Every compact subspace $K\subset\mathbb R$ is bounded and has a maximum.

For this, clearly $K$ must be non-empty. I claim that it is reasonable to define a compact subspace to be *non-empty* (or, as I call it **occupied**) if $(K\subset\emptyset)=\bot$.

Then $K$ is covered by the (directed) union $\bigcup_n(-n,n)$, so one of these suffices and provides a bound.

Whether there is a *maximum* depends on our definitions of the words *compact* and *maximum*
and in particular of what a *real number* is, to serve as the maximum.

Also, the main question also asks whether the maximimum value is *attained*.

To see why it need not be, consider the function $f:[0,2\pi]\to\mathbb R$ given by $f(x) = a \sin x$, which attains its maximum value at $\pi/2$ if $a>0$ or at $3\pi/2$ if $a<0$. However, if $a$ is so close to $0$ that we do not know its sign (because it depends on some unsolved problem) then we don't know where $f$ attains its bound. Imagine $f$ as a standing wave or as a skipping rope. (Seasoned intuitionists will see that there is actually no logical problem here, but will be able to manufacture a more complicated genuine counterexample.)

Now we turn to the definitional and foundational issues that are needed to make sense of this.

Please be aware that there is no *party line* in constructive mathematics: for perfectly good intellectual reasons, different people study different systems.

Desite being the person who drew Mikhail Katz's attention to **Sythetic Differential Geometry** (aka **Smooth Infinitessimal Analysis**) I am going to leave it to the experts in that to answer the specific question, although I suspect that this will be the same as in locale theory or ASD.

The **Bishop school** does not use the *finite open sub-cover* definition of compactness; for them, a compact subspace is one that is **closed and totally bounded**. Thus is because of issues with the **Fan Theorem**, although that does not bear heavily on this particular question. More relevant is that, for Bishop, the word *compact* carries more properties than I would want.

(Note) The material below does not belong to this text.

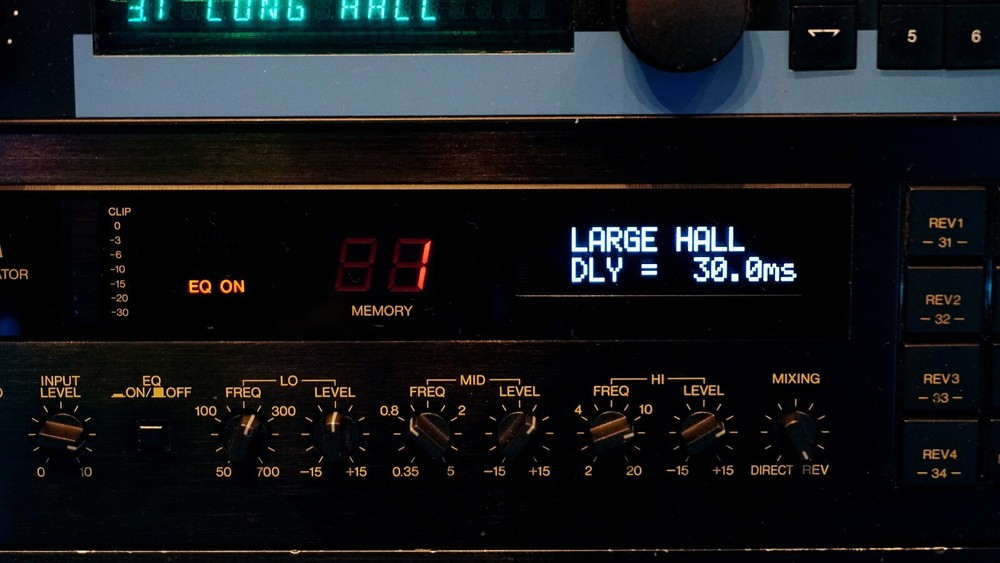 Yamaha PTX8 Custom OLED Display !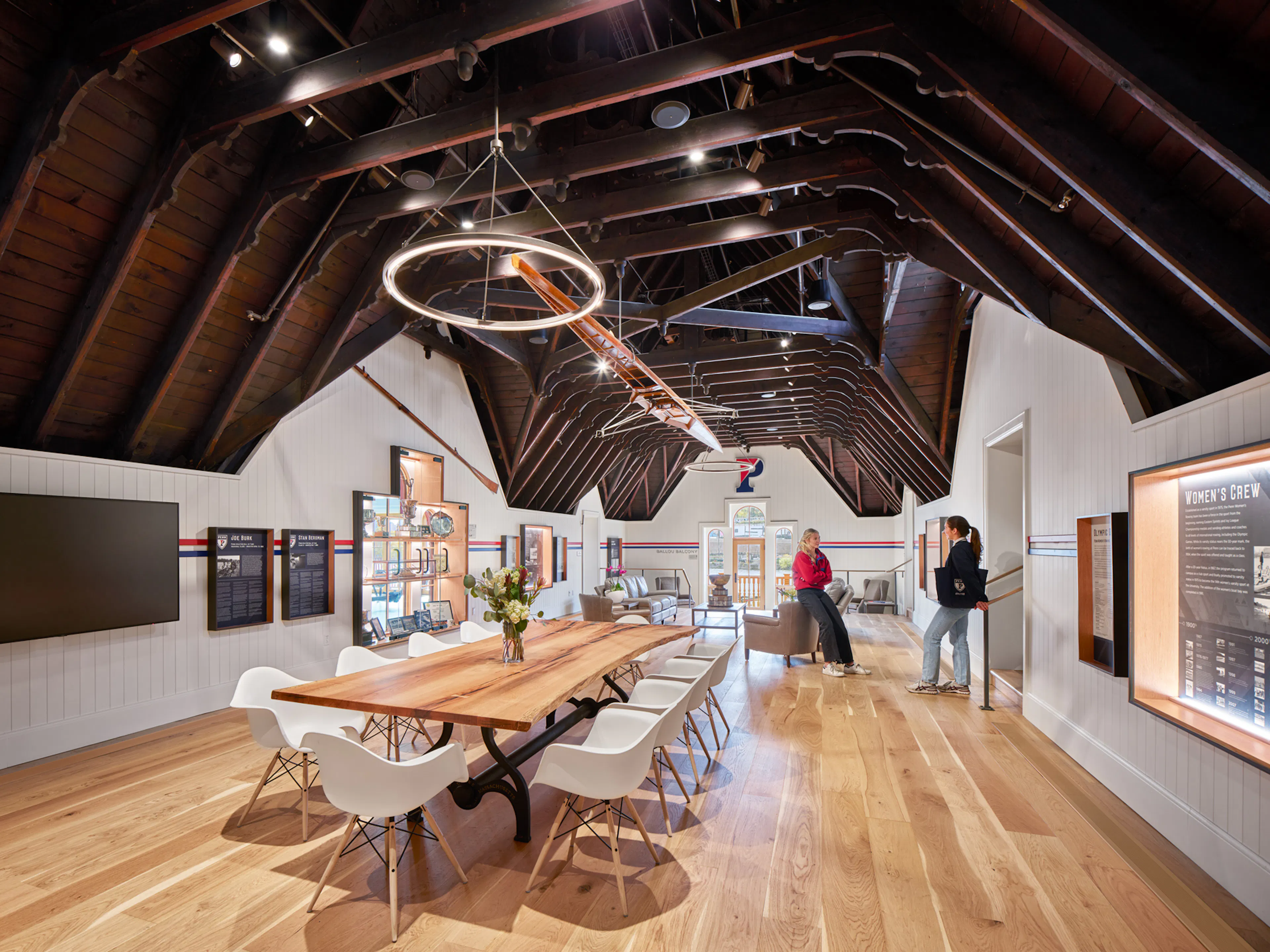 Burk-Bergman Boathouse — 4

My answer is based on my system, **Abstract Stone Duality**, and specifically on my paper *A Lambda Calculus for Real Analysis*, which addresses the Intermediate and Extreme Value Theorems. I believe that the situation for **Locale Theory** and **Formal Topology** is the same.

We use the *finite open sub-cover* definition of compactness. This means that the predicate $K\subset U$ is a Scott-continuous function of the open subspace $U$ valued in the Sierpinski space. In locale theory, for the inclusion map $i:K\hookrightarrow\mathbb R$, the direrect image map $i_*$ preserves directed joins.

In this setting, the equations $(K\subset\emptyset)=\bot$ and $i_*\bot=\bot$ are reasonable definitions of a non-empty or **occupied compact subspace**, since they are lattice duals of the definition $\exists_i\top=\top$ for an **inhabited overt subspace**.

However, we need to be careful with the definition of a real number in order to say that such a subspace has a maximum.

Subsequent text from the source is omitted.